As the first of the month approaches, many renters will come up short on rent as a result of the economic impacts of the COVID-19 pandemic.
The economic devastation of the coronavirus pandemic has put as many as 40 million people at risk of eviction by the end of the year, according to the National Low Income Housing Coalition. A federal ban on evictions from public housing ended in July, and many state and local protections for all renters are expiring soon.
In Marion, Ohio, a place with no special protections against eviction, Jacque Sayre went on unemployment in March after she was laid off from her job at a hotel when the pandemic hit. Without the additional $600 in federal assistance “keeping everything alive,” she says she now receives $219 per week in unemployment benefits — which isn’t enough to pay her $675 a month rent, car payment, insurance and electric bill.
“One month I try to pay my rent, one month I try to make my car payment,” she says. “And so I’m just juggling from month to month. It’s just very stressful not knowing what’s going to happen.”
Sayre says she’s trying to work something out with her landlord, who has already evicted some of her neighbors. But she says it’s hard to see how she’ll get by unless lawmakers pass some sort of rent relief.
As long as the pandemic continues, she thinks people will need assistance with rent, even if it’s a direct payment to landlords or mortgage relief.
In California, a moratorium on courts processing evictions expires Tuesday. With further protections tied up in the state legislature, it’s unclear what tenant protections are still in place.
Anne Orchier, a 33-year-old marketing freelancer in Los Angeles, says keeping up with all of the changes on the city, county, state and federal levels is a full-time job. Inspired by the growing tenants’ rights movement calling for the cancelation of rent, she and her neighbors formed a tenants association.
The group came together for a meeting in their backyard to share how the pandemic has impacted them from affording food to paying rent, she says.
“So many of us were on the brink before,” she says. “And so the pandemic really pushed things over the edge and just like created this new layer of uncertainty.”

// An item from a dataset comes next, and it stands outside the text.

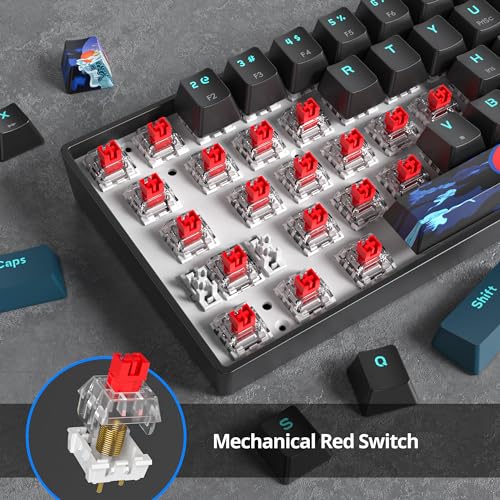 Image of 60 Percent Gaming Keyboard 61 Keys Portable Mechanical Keyboard Rainbow Backlit Ultra Compact Wired Keyboard Red Switch for PC Laptop Gamer(61 Monster-B)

With more than $1,000 in rent owed to her landlord, Orchier says her neighbors have become a source of comfort and strength through this difficult time. When she receives a letter or any communication from her landlord, she feels afraid because of the power dynamic.
“If we’re talking about one-on-one, this is the person who has the power to decide if I have a home or not,” she says. “That’s really scary. My initial instinct is to feel fear, and that changes as soon as I talk to one of my neighbors.”
In Kenner, Louisiana, where evictions resumed in June, mother of seven Christian Cowans left her home of 18 years before her landlord officially filed for an eviction. She says she left because she knew she couldn’t pay and didn’t want to go to court, leaving her homeless for one or two weeks.
“Of course, I didn’t have my kids at the time, but I was pretty much living on the streets,” she says. “I’ve never been in that predicament before, but I made the best of it.”
Once her unemployment came through, she could afford a hotel room but still struggles with food and other expenses.
Before COVID-19, Cowans worked as a self-employed house cleaner — but she lost all of her clients because of the pandemic. Now, she says her unemployment benefits come out to $107 per week.
Thanks to some temporary rental assistance, she says she found a new home in a trailer but needs to pay the coming month’s rent by Sept. 19. Unless she finds a job soon, she could face eviction again.
In spite of everything, Cowans remains hopeful. She says she even checks in on people she knows who are struggling, including her former landlady whose property she was forced to leave. Cowans calls her a friend and knows she is also suffering during this pandemic.
“No matter how big COVID-19 wants to be, it’s not going to come and tear friendship and family apart with me,” she says. “You know, even though I’m in the boat I’m in, I’m still looking to help other people because there’s a lot of people that need help.”
Eviction bans are set to expire in eight more states by the end of September.